One aspect that I would have to get used to is the helming position. It’s very much a sit-in cockpit – ideal for two, manageable with three – edged by vertical coamings in teak.
I found that the only way to see the telltales on the luff of the headsail was to use a length of line as a tiller extension and perch right on the forward end of the windward coaming.
It’s not desperately comfortable. You would probably get used to sitting in and sailing blind.
As you would expect, tacking is a deliberate process, largely because it takes a while for the clew of the genoa to negotiate the forward lowers.
Down below
In the early days, Victoria Yachts in the UK offered the Frances with a choice of layouts, mostly open-plan to make the best use of space.
The version that became the norm has a quarter berth to port and a separate heads compartment to starboard, forward of which is a small hanging locker.
Along the port side are the galley and a hinge-down chart table.
The short coachroof, with two ports in its forward end, gives nigh on 6ft (1.83m) of headroom.
Fit-out is bright and simple, with white-painted and laminate-faced plywood, varnished trim and, thankfully, no interior mouldings.
There’s no headlining either, making for easy access to the fastenings for the deck fittings.
Such brightness and simplicity could result in a rather spartan feel, but Mike and Clare have made Grayling’s interior particularly warm and welcoming.
Mike has crafted extra teak trim that matches the original so well that it’s hard to tell what’s new and what was there before.
He has also added photographs and assorted nautical artefacts from Tristan that make the interior something of a maritime history lesson if you study carefully.

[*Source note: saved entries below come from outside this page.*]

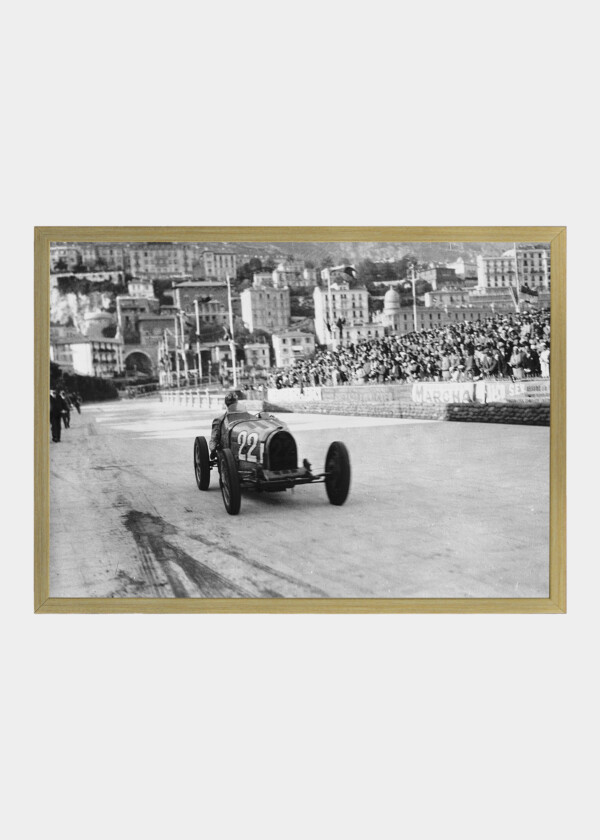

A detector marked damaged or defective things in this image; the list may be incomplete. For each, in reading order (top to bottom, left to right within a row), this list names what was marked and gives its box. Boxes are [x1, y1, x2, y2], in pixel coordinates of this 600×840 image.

exposed wheel [195, 434, 211, 492]
exposed wheel [218, 450, 241, 516]
exposed wheel [324, 440, 352, 506]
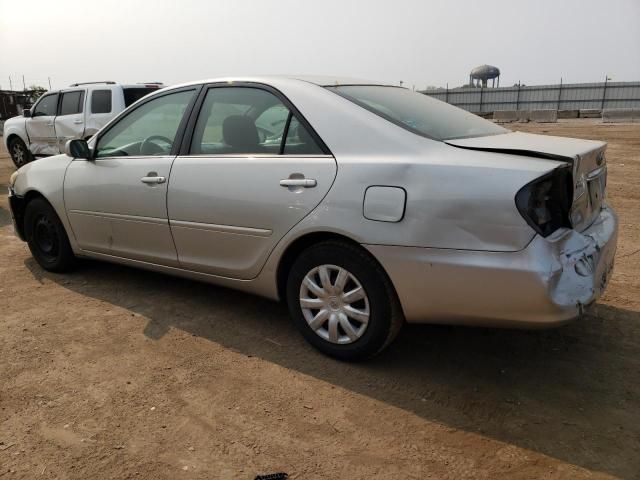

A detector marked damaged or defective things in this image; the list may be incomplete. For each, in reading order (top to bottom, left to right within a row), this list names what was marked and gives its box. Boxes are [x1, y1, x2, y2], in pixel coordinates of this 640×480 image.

damaged trunk lid [448, 131, 608, 232]
missing tail light [516, 166, 576, 237]
crumpled rear bumper [368, 206, 616, 326]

Soft furnishings have been given careful thought too. For example, the duvets are rolled up along the hull sides on the forward berth so they double as cushions.
Modern touches added by Mike include LED bulbs and a six-outlet ring-main with brass fittings.

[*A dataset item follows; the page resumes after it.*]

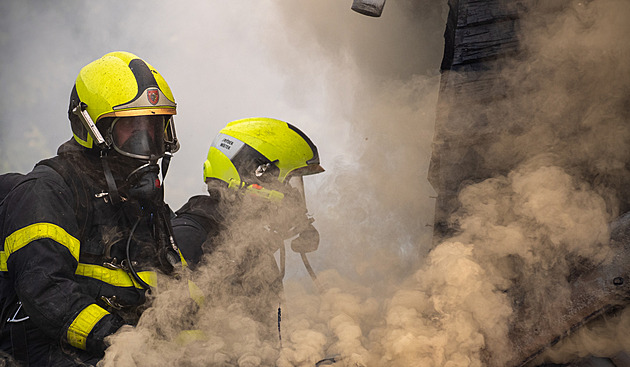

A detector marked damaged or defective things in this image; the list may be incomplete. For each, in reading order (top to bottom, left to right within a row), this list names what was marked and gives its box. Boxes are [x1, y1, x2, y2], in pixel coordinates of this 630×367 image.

damaged structure [430, 0, 630, 367]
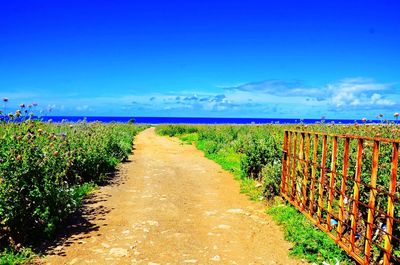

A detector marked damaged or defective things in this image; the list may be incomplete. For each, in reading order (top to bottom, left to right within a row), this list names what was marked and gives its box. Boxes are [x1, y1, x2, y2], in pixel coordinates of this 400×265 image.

rusty wire on fence [282, 130, 400, 264]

In terms of ergonomics, the compact heads is more useable than you might imagine from the outside.
Berths are long enough if you can stand up. The front of the engine can be reached with the companionway steps removed and it’s possible – as Mike has found – to remove sludge in the fuel tank through the access panel in the quarter berth.
Verdict on the Frances 26
In the words of Chuck Paine, the original Frances 26 is an imperfect, classic design. She’s comparable in many ways to an MG TD.
‘They spewed oil and weren’t very fast by today’s standards, but they were so cute and stylish that owners have enjoyed every minute of their use for decades’.
Perhaps the designer is being a little harsh on his first creation.
The Frances 26 was never conceived as an ocean greyhound. Nonetheless, she goes pretty well for a heavyish, shoal-draught 26-footer with a long keel.
She looks lovely, and really is one of few boats in this size range that combines appealing lines and an easy motion with respectable performance, standing headroom and a remarkable amount of space below decks.
With Grayling, her owners have come as close as is possible to imbuing a 26-footer with the elegance, character and feel of a 40ft offshore cruising yacht.
It’s a rare 26-footer that allows anyone to do that.